Cloud Extortion Campaign Hacks AWS .Env Files To Ransom Data


Researchers have uncovered an extortion campaign that targeted more than 100,000 domains by using misconfigured AWS environment variable files (.env files) to ransom data in cloud storage containers.

The sophisticated cloud extortion campaign used automation techniques and extensive knowledge of cloud architecture to increase the speed and success of the campaign, underscoring the need for cloud security best practices such as robust authentication and access controls, data encryption, secure configuration management, and monitoring and logging.

Multiple Security Failures Fueled AWS Cloud Extortion Campaign

The researchers, from Palo Alto Networks’ Unit 42, said the attackers were able to leverage .env files that contained sensitive information such as credentials from numerous applications because of multiple security failures on the part of cloud users. These include:

  • Exposed environment variables
  • Use of long-lived credentials
  • Absence of a least privilege architecture

The attack campaign set up its infrastructure within organizations’ AWS environments and “used that groundwork to scan more than 230 million unique targets for sensitive information,” the researchers wrote.

The campaign targeted 110,000 domains, resulting in more than 90,000 unique variables in the .env files. Of those variables, 7,000 belonged to organizations’ cloud services and 1,500 variables were traced back to social media accounts.

Attackers used multiple networks and tools in their operation, such as virtual private server (VPS) endpoints, the onion router (Tor) network for reconnaissance and initial access operations, and VPNs for lateral movement and data exfiltration.

Attackers successfully ransomed data hosted within cloud storage containers, the researchers said. They didn’t encrypt the data before ransom, but instead exfiltrated it and placed a ransom note in the compromised container (example below).

AWS S3 ransom note
AWS S3 ransom note (Unit 42)

“The attackers behind this campaign likely leveraged extensive automation techniques to operate successfully and rapidly,” the researchers said. “This indicates that these threat actor groups are both skilled and knowledgeable in advanced cloud architectural processes and techniques.”

They emphasized that the attack “relied on misconfigurations in victim organizations that inadvertently exposed their .env files. It did not result from vulnerabilities or misconfigurations in cloud providers’ services.”

It’s not clear where the threat actors were located or if they were affiliated with any known threat groups, but the researchers found one ISP IP address geolocated in Ukraine that was part of early-stage privilege escalation activity, and a second ISP IP address that was geolocated in Morocco and was associated with S3 access and exfiltration.

“Based on the user-agents and time between API calls, we determined the threat actor manually performed these access operations, which leaked the threat actor’s possible physical location,” they wrote.

Initial Access Came From Leaked AWS IAM Credentials

Environment files let users define configuration variables used within applications and platforms, and often contain secrets such as hard-coded cloud access keys, SaaS API keys and database login information, which the threat actors used for initial access.

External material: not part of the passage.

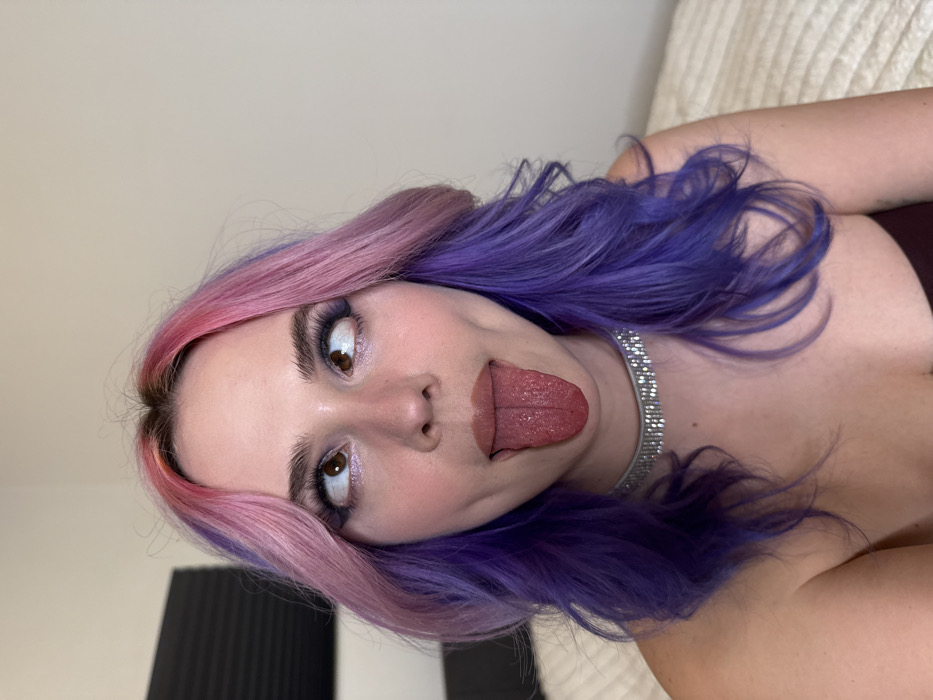 A female subject is depicted in a close-up indoor portrait, visible from the chest up. She has long, wavy hair featuring prominent pink and purple dye, with darker roots visible at the scalp. Her eyes are crossed and directed upwards, while her tongue is extended downwards from her mouth. She wears a multi-row silver-toned rhinestone choker necklace and a dark-colored, possibly strapless, garment. Facial makeup includes dark eyeliner, emphasized eyelashes, and a light lip color. The background consists of a plain, light-colored wall. A dark, pleated object is partially visible on the left side, and a light-colored, textured fabric, consistent with bedding, is present on the right side. No identifying landmarks or specific architectural features are present in the image to determine the precise location within the City of Zagreb, Croatia.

“The attack pattern of scanning the internet for domains and exploiting credentials obtained from exposed environment variable files follows a larger pattern we believe propagates through other compromised AWS environments,” the researchers said.

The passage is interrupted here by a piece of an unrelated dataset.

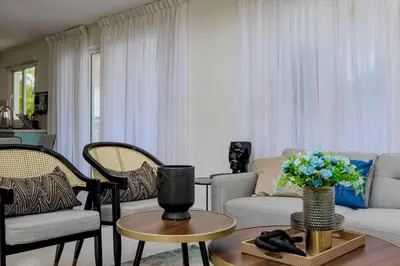 a living room with a couch and chairs and a table at A Tropical Oasis - Vista Canas Villa Vista in Punta Cana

The threat actors were able to obtain exposed AWS Identity and Access Management (IAM) access keys by scanning and identifying exposed .env files hosted on unsecured web applications.

“We continue to see a growing trend of attackers targeting cloud IAM credentials leading to initial access of organizations’ cloud environments,” they wrote. “The most common initial access vectors for this particular threat originate from organizations inadvertently misconfiguring servers, subsequently exposing sensitive files to the public internet, with the most frequently exposed files being .env files.”

While the IAM credentials did not have administrator access to all cloud resources, the attackers discovered that the IAM role used for initial access “did have the permissions to both create new IAM roles and attach IAM policies to existing roles. Using these capabilities, the attacker successfully escalated their privileges within victim cloud environments by creating new IAM resources with unlimited access.”

From there, the attackers were able to create new AWS Lambda functions for their automated scanning operation.